Related post Can we "trivialize" the equivalence between canonical quantization of fields and second quantization of particles?

Some books of many-body physics, e.g. A.L.Fetter and J.D.Walecka in Quantum theory of many-particle systems, claimed that at non-relativistic level, quantum mechanics (QM) and quantum field theory (QFT) are equivalent. They proved the second quantized operators
$$T= \sum_{rs} \langle r | T | s \rangle a_r^{\dagger} a_s $$
$$ V= \frac{1}{2} \sum_{rstu} \langle r s | T | t u \rangle a_r^{\dagger} a_s^{\dagger} a_u a_t $$

could obtain the same matrix elements as the "first-quantized" ones. Here $T$ and $V$ stand for kinetic and interaction operators, respectively.

However, some book, H. Umezawa et al Thermo field dynamics and condensed states in chapter 2, claimed that even at non-relativistic level, QFT is not equivalent with QM. They used a series of derivations (too long to present here, I may add a few steps if necessary), showed that Bogoliubov transformation with infinity space volume yields unitary inequivalent representations. In QM, all representations are unitary equivalent. Therefore, QM and non-relativistic QFT are not equivalent. However, as they said in p32

This might suggests that, in reality, the unitary inequivalence mentioned above may not happen because every system has a finite size. However, this point of view seems to be too optimistic. To consider a stationary system of finite size, we should seriously consider the effects of the boundary. As will be shown in later chapters, this boundary is maintained by some collective modes in the system and behaves as a macroscopic object with a surface singularity, which itself has an infinite number of degrees of freedom.

Nevertheless, Surface is an idealized concept. In reality, the boundary between two phases is a microscopic gradually changing of distribution of nuclei and electrons.

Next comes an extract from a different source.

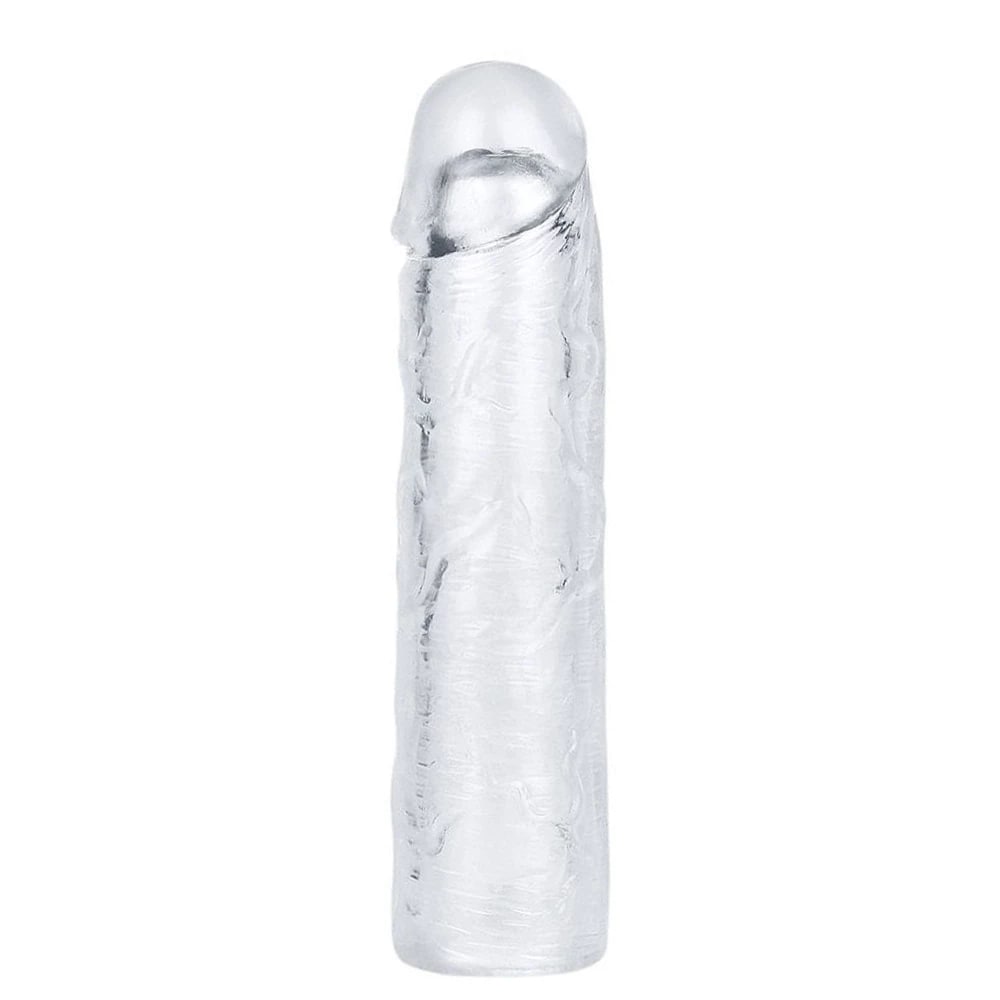 Navlaka Za Penis “Flawless Clear”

My question is about, is the argument of surface singularity from Umezawa et al a pure academic issue? The academic issue here means if I have sufficient computational power, I compute all electrons and nuclei by quantum mechanics, I could very well reproduce the experimental results up to relativistic corrections.

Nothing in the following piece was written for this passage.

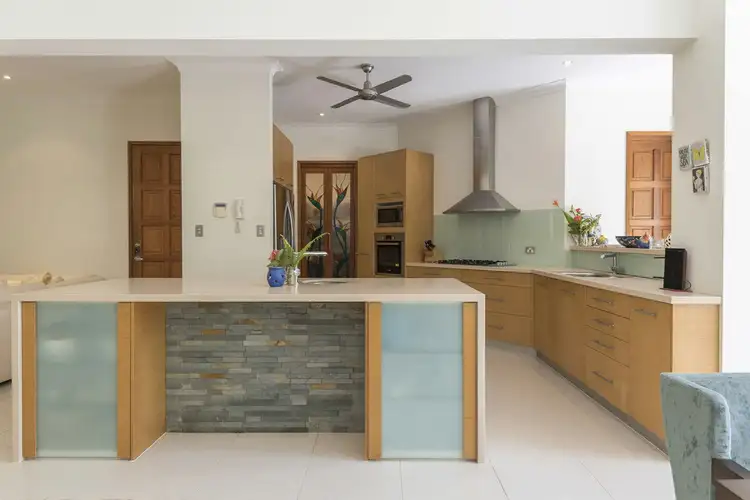 Third view of Homely house listing, Lot 3 Old Port Road, Port Douglas QLD 4877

P.S. The terminology "second-quantization" may not be appropriate, since we quantize the system only once. Nevertheless I could live with it.

Best Answer

''They [...] showed that Bogoliubov transformation with infinity space volume yields unitary inequivalent representations.'' Yes, this is an important effect and the source for phenomena like phase transitions and superconductivity. The isotropic limit of infinite space volume is called the thermodynamic limit. It figures everywhere in the derivation of classical thermodynamics from classical or quantum statistical mechanics and erases all surface effects.

Without thermodynamic limit, there would be no phase transitions! Statistical mechanics of a system with finitely many particles always leads to an equation of state without discontinuities in the response functions. The latter (i.e., the phase transitions in the sense of thermodynamics) appear only in the thermodynamic limit. (Indeed, a system can be defined as being macroscopic if the thermodynamic limit is an appropriate idealization. Note that the Avogadro number $N$ is well approximated by infinity.)

The equivalence with ordinary quantum mechanics suggested by the derivation of second quantization only holds at a fixed number of particles. But quantum field theory is the formulation at an indefinite number of particles. This already requires (even without the thermodynamic limit and independent of surface effects) a Hilbert space with an infinite number of degrees of freedom, where the canonical commutation relations have infinitely many inequivalent unitary representations.